▶ _Entries provided_:

========================================

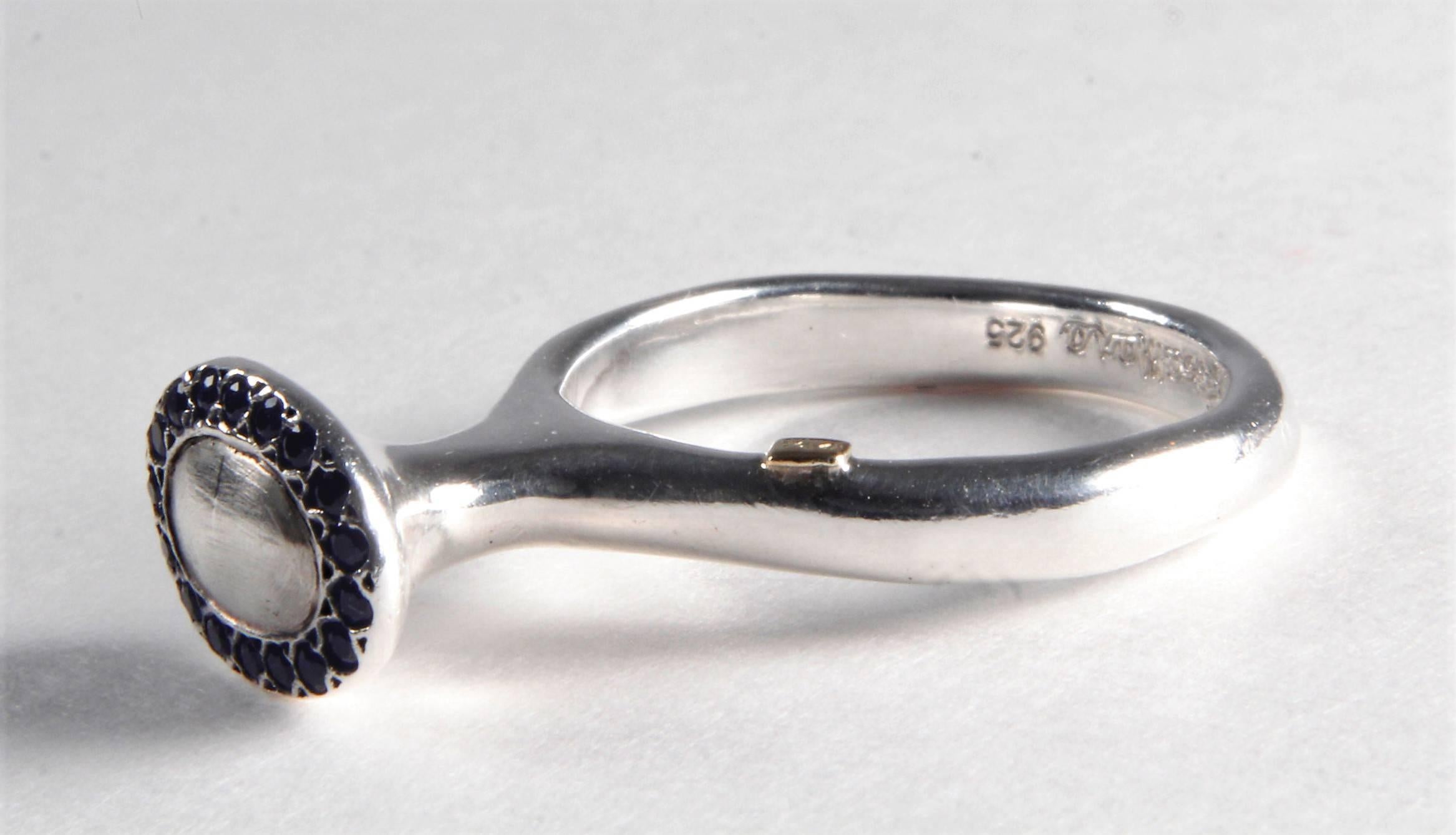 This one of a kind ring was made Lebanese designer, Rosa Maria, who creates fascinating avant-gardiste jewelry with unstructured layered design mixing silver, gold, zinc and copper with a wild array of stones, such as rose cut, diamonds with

========================================

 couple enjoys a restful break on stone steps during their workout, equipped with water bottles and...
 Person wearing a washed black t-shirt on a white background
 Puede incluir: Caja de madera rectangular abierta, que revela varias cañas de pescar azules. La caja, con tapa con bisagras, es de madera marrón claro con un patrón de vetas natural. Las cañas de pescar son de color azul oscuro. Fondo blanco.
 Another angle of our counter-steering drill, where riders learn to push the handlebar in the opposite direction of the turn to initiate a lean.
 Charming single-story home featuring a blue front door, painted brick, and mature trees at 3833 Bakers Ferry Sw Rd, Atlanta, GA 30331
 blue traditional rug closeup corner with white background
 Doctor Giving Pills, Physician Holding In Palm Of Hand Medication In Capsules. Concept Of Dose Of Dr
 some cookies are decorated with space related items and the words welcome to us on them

========================================

▶ _Task to carry out_: State the number of lines in the material above that hold the word "background", adding nothing else.

▶ _Solution to the exercise_: 2